### DIRECTIONS:
Output the lines below exactly, please, from the first line until the line with "Брюки изо льна", counting both.

(Web page caption snippets)
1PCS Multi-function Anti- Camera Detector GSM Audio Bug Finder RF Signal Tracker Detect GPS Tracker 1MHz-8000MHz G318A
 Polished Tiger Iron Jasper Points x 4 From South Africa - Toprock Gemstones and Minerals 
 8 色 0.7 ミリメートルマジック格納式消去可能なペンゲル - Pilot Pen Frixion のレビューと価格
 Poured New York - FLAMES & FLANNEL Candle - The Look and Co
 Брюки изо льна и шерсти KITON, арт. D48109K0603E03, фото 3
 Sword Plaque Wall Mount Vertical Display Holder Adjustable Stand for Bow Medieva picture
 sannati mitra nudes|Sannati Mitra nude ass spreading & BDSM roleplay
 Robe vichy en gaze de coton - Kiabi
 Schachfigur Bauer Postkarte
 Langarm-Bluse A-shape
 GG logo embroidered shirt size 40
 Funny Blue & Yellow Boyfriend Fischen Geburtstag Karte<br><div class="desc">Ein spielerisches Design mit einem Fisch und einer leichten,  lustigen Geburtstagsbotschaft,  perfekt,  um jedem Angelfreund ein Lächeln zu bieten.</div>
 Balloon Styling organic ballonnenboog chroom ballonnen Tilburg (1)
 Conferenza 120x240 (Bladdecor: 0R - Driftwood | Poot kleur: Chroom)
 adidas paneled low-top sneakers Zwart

### EXERCISE ANSWER:
1PCS Multi-function Anti- Camera Detector GSM Audio Bug Finder RF Signal Tracker Detect GPS Tracker 1MHz-8000MHz G318A
 Polished Tiger Iron Jasper Points x 4 From South Africa - Toprock Gemstones and Minerals 
 8 色 0.7 ミリメートルマジック格納式消去可能なペンゲル - Pilot Pen Frixion のレビューと価格
 Poured New York - FLAMES & FLANNEL Candle - The Look and Co
 Брюки изо льна и шерсти KITON, арт. D48109K0603E03, фото 3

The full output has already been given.